Sapi berukuran jumbo tersebut disebut memiliki bobot hampir mencapai satu ton dan dipersiapkan sebagai hewan kurban Presiden Prabowo untuk perayaan Hari Raya Idul Adha tahun ini.
Manggala terlihat memiliki tubuh besar dengan kondisi fisik yang sangat sehat. Warna bulunya yang dominan cokelat kemerahan serta postur tubuh yang kokoh membuat sapi tersebut menarik perhatian warga dan peternak di lokasi perawatan.
Petugas peternakan menjelaskan bahwa Manggala mendapatkan perawatan khusus sejak beberapa bulan terakhir, mulai dari pengaturan pola makan, pemeriksaan kesehatan rutin, hingga pemantauan kondisi tubuh agar tetap prima menjelang hari penyembelihan kurban.
Pakan yang diberikan kepada sapi tersebut terdiri dari rumput pilihan, jagung, vitamin, dan nutrisi tambahan untuk menjaga berat badan serta kesehatannya tetap stabil.
Menurut informasi dari peternak, Manggala merupakan sapi jenis simmental yang memang dikenal memiliki ukuran tubuh besar dan pertumbuhan bobot yang cepat dibanding beberapa jenis sapi lainnya.
Warga yang datang melihat langsung sapi kurban Presiden tampak antusias karena ukuran tubuh Manggala dinilai jauh lebih besar dibanding sapi kurban pada umumnya. Banyak masyarakat juga mengabadikan penampilan sapi tersebut melalui foto dan video yang kemudian ramai beredar di media sosial.

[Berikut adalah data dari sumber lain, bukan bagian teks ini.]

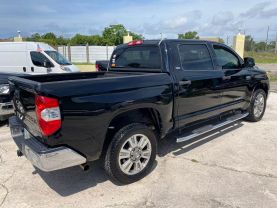 2015 TOYOTA TUNDRA CREWMAX PICKUP V8, 5.7 LITER SR5 PICKUP 4D 5 1/2 FT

Idul Adha sendiri merupakan salah satu momen penting bagi umat Muslim di seluruh dunia yang identik dengan pelaksanaan ibadah kurban sebagai bentuk kepedulian sosial dan pengorbanan.
Tradisi penyerahan sapi kurban oleh Presiden Indonesia kepada masyarakat memang rutin dilakukan setiap tahun. Hewan kurban tersebut biasanya disalurkan ke berbagai daerah untuk dibagikan kepada masyarakat yang membutuhkan.
Pemerintah juga memastikan seluruh hewan kurban Presiden telah melewati pemeriksaan kesehatan ketat guna memastikan bebas dari penyakit dan layak untuk dikonsumsi masyarakat.
Kementerian Pertanian bersama dinas peternakan daerah disebut terus melakukan pengawasan terhadap lalu lintas hewan ternak menjelang Idul Adha untuk menjaga kesehatan dan keamanan hewan kurban di berbagai wilayah Indonesia.
Pengamat peternakan menilai tingginya perhatian masyarakat terhadap sapi kurban Presiden menunjukkan bahwa tradisi kurban masih memiliki nilai sosial dan budaya yang kuat di tengah masyarakat Indonesia.
Selain menjadi simbol ibadah, momentum Idul Adha juga memberikan dampak ekonomi besar bagi sektor peternakan karena permintaan hewan kurban biasanya meningkat signifikan menjelang hari raya.
Dengan ukuran tubuh yang besar dan kondisi fisik yang prima, sapi Manggala kini menjadi salah satu hewan kurban yang paling banyak diperbincangkan publik menjelang pelaksanaan Idul Adha 2026.